Review: Day Hunt on the Final Oblivion

Day Hunt on the Final Oblivion cover artDay Hunt On the Final Oblivion by Meyari McFarland (UK link, US link) is set on a space station inhabited by millions of aliens of a vast array of species. A new commander arrives to take over the human habitat on the station, and the former commander takes him off to explain how things work around here. Except… they disappear. Esme Mullane ends up in charge of the investigation and the more she looks, the more suspicious everything becomes. As she digs deeper, it seems that she is facing an enemy she thought she’d left behind her.

This story is part of a series and there are references to events that have taken place in a previous book, but the important concepts are introduced as required so it’s possible to read this book without having any background knowledge of the earlier book. I think a few aspects of the book might have been clearer to me if I’d read the earlier book first, but I was able to follow this one without getting lost.

I really like Esme as a character.

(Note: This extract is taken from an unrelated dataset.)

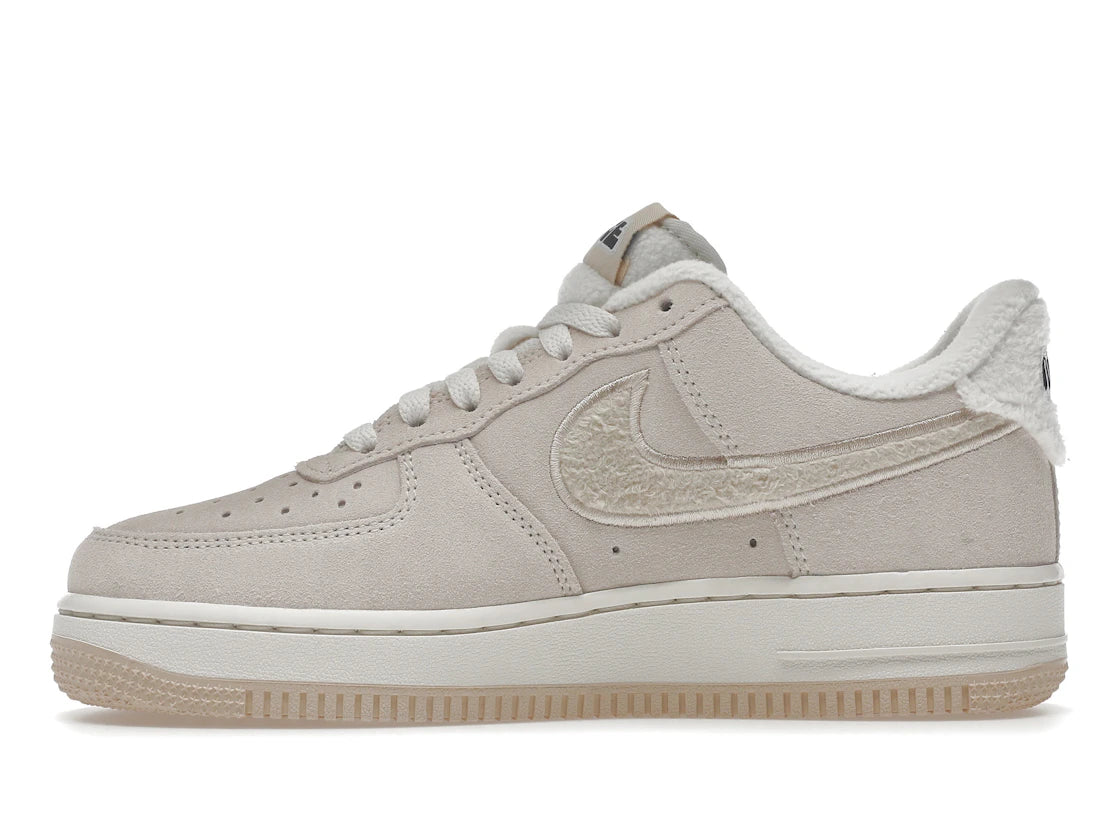 Nike Air Force 1 Low '07 SE Sanddrift Gum Fleece (Women's)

She’s tough, she’s dependable, she cares about saving the people around her without necessarily being nice to any of them. She has a tendency to give everyone nicknames, which actually worked really well because the story threw a bunch of characters at me and it was easier to keep straight the characters with nicknames like Bright Boy and Shiny than if I’d been bombarded with a load of names. Esme is slightly bitter and cynical, but manages to maintain a sense of humour and she will do what it takes to get the job done and that makes her a really easy character to root for.

The plot itself moves quickly. It’s action adventure with a touch of mystery thrown in. I think the mystery aspect might have had more impact on me if I’d read the earlier book because I was busy trying to figure out the way this world works as well as following the mystery.

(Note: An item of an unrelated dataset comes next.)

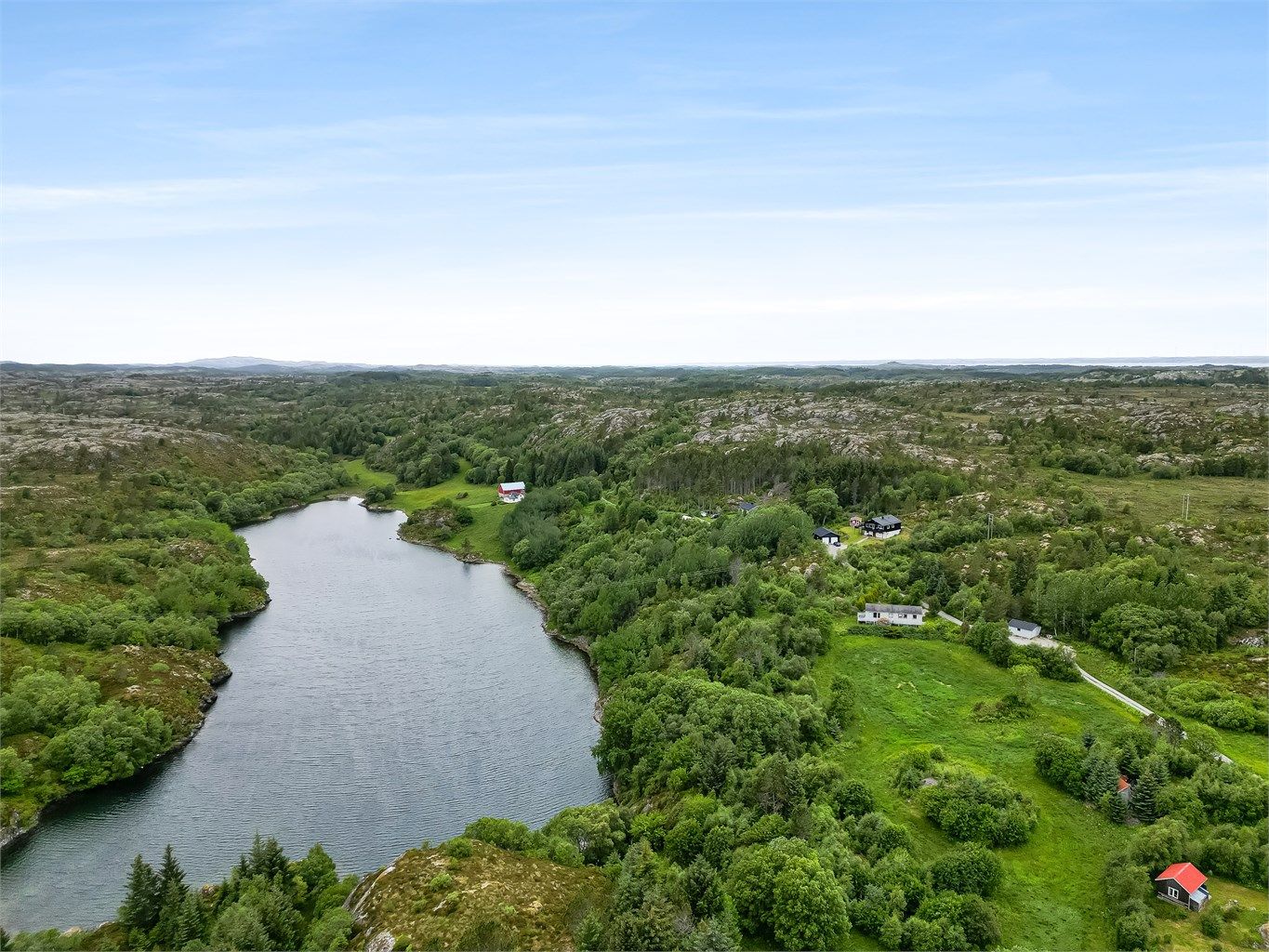 Kommunen har opplyst at det finnes områder på eiendommen hvor det er enklere å få bygget én bolig. Dette gir deg fleksibilitet.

One thing I struggled with was the names of the various races. A lot of the aliens had thoroughly unpronounceable names. Esme’s tendency towards nicknames did crop up a little bit, and one of these races was nicknamed the Fur Babies, which makes it easier to create a mental picture of them as well as giving a name I can pronounce. I would have liked it is some more of the major players in the story had nicknames for their species as well.

From the diversity angle, Esme is bisexual and there are a few other sexual identities represented, including a minor character who is in a poly marriage.

Overall, I’d give it four stars, but it’s possible I might feel more generous with stars if I came at it having read the first book in the series. It needed a better proof-reader though. There were quite a lot of typos and some threw me out of the story while I tried to figure out what was meant and that nearly dragged by assessment down to three stars.